As to the first and fourth jurors, appellant pointed out the names of two other persons on the panel that were a teacher and a professor respectively who were not struck. Nevertheless, the State had already used all of its peremptory strikes prior to reaching one of those persons, and contended that the other person had given answers that overrode her misgivings about the person being a teacher. As to the juror that was only temporarily employed, appellant pointed out that retired persons were not struck. However, he did not name those persons, and we can perceive a difference in stability between an older person who has worked many years and is currently retired and a person of working age who is not gainfully employed. Further, appellant did not attack the strike of that same person on the basis that she was fluent in Spanish. Therefore, we cannot say that the trial court's ruling was clearly erroneous.

Accordingly, all of appellant's issues are overruled and the judgment of the trial court is affirmed.





John T. Boyd

Senior Justice



Do not publish.

1. John T. Boyd, Chief Justice (Ret.), Seventh Court of Appeals, sitting by assignment. Tex. Gov't Code Ann. §75.002(a)(1) (Vernon Supp. 2004).

2. Miranda v. Arizona, 384 U.S. 436, 86 S. Ct. 1602, 16 L. Ed. 2d 694 (1966).

3.

Appellant does not separately address his complaint that the Texas Constitution was violated, and we will therefore not address it. Johnson v. State, 853 S.W.2d 527, 533 (Tex. Crim. App. 1992), cert. denied, 510 U.S. 852, 114 S. Ct. 154, 126 L. Ed. 2d 115 (1993).

4.

Batson v.
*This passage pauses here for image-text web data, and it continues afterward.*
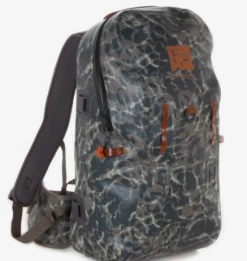 FISHPOND THUNDERHEAD SUBMERSIBLE BACKPACK - ECO -fishing gear Sales 2023 ScreenShot2021 12 15at5.24.34PM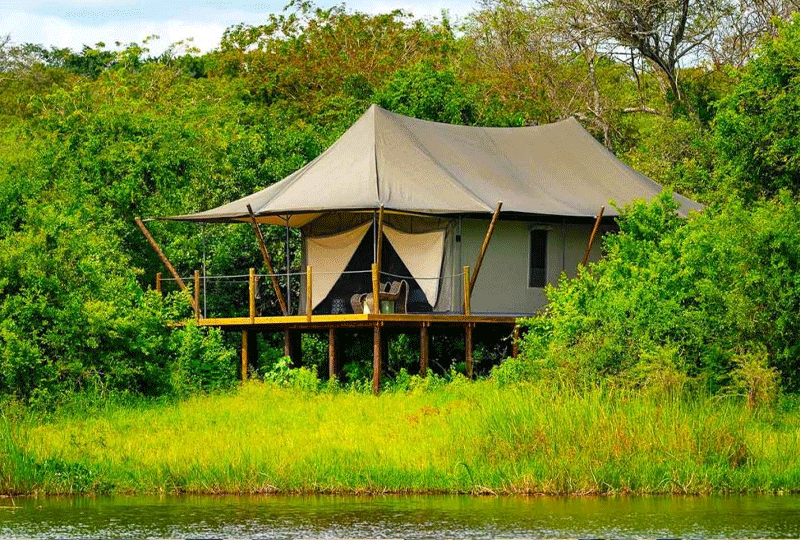 Best-Safari-Lodges-in-Akagera-National-Park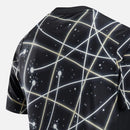 CAMISETA CHELSEA PREPARTIDO 25/26 HOMBRE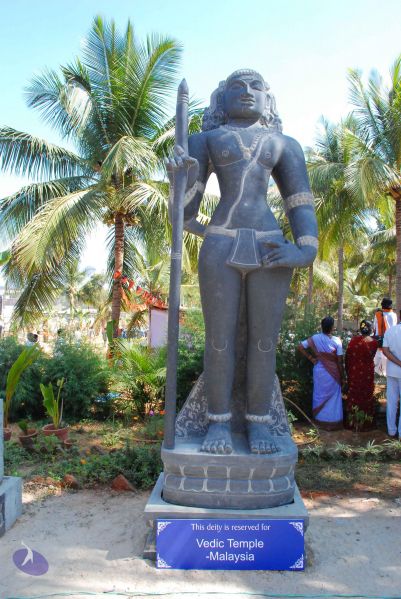 File:20081231 Photo 2037 1TpvR9HHY0OjeTidFshUMcMfg5rdgoJbA.JPG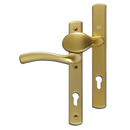 WINKHAUS Palladio XL 92 Lever/Pad UPVC Furniture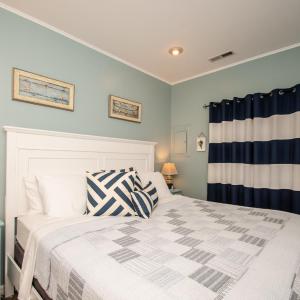 Suite with Terrace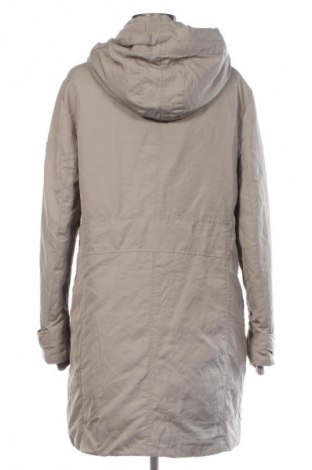 Geacă de femei Esprit, Mărime XXL, Culoare Bej, Preț 263,99 Lei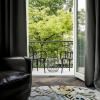 kollmann rooms and apartments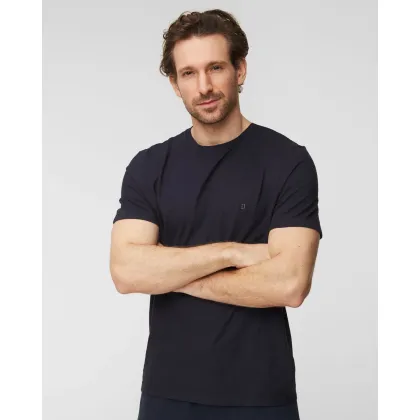 Zdjęcie T-shirt Dondup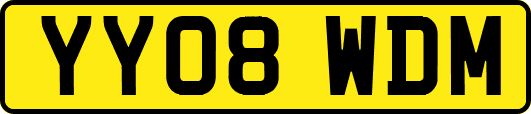 YY08WDM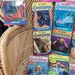 90s Goosebumps Books by R.L. Stein Scholastic Buy 1 or All - Etsy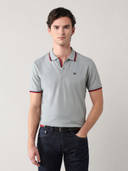 Grey color option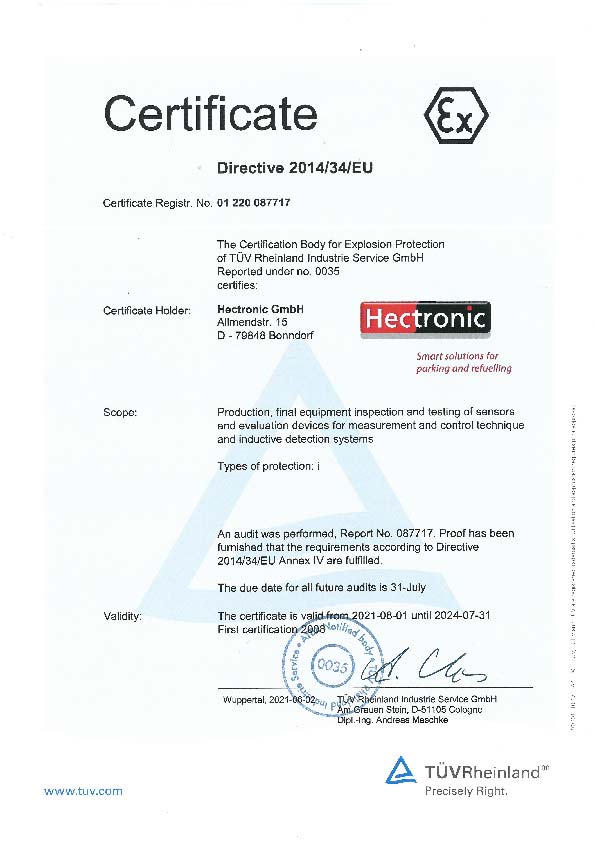 csm_ATEX-Zertifikat-2014-34-EU_e_445f1768b8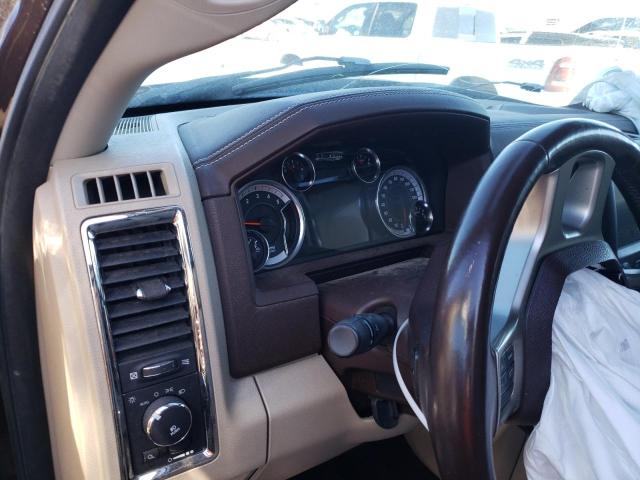 Aukcja sprzedaży 2013 Ram 2500, vin: 3C6UR5FL1DG575786, numer aukcji: 56751775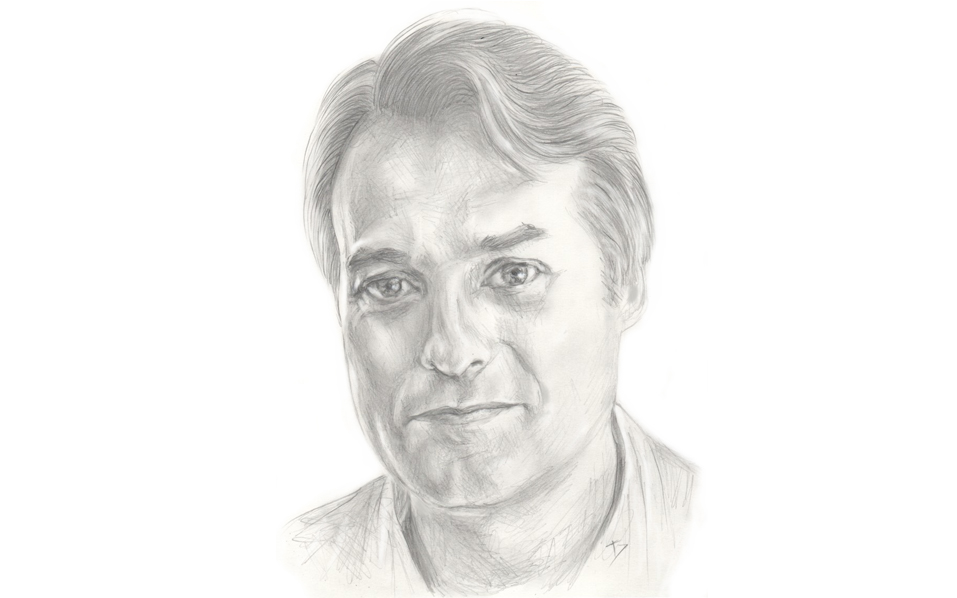 μιχάλης-μπλέτσας-ο-κ-τσίπρας-είναι-πο-2251744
Kentucky, 476 U.S. 79, 106 S. Ct. 1712, 90 L. Ed. 2d 69 (1986).

5.

At the commencement of his brief, appellant states that his fifth issue is whether the "trial court committed fundamental error when it failed to properly make findings as to the appropriateness of the State's reasons for it's [sic] peremptory challenges . . . ." Thus, appellant appears to be arguing that the trial court was required to make specific affirmative findings, and its statement that "I'm going to deny the motion to disqualify this jury on Batson . . . " is insufficient. Appellant cites no authority for this contention, and thus to the extent appellant is raising such an issue on appeal, it is inadequately briefed. See Tex. R. App. P. 38.1(h) (requiring an appellate brief to contain appropriate citations to authorities and to the record).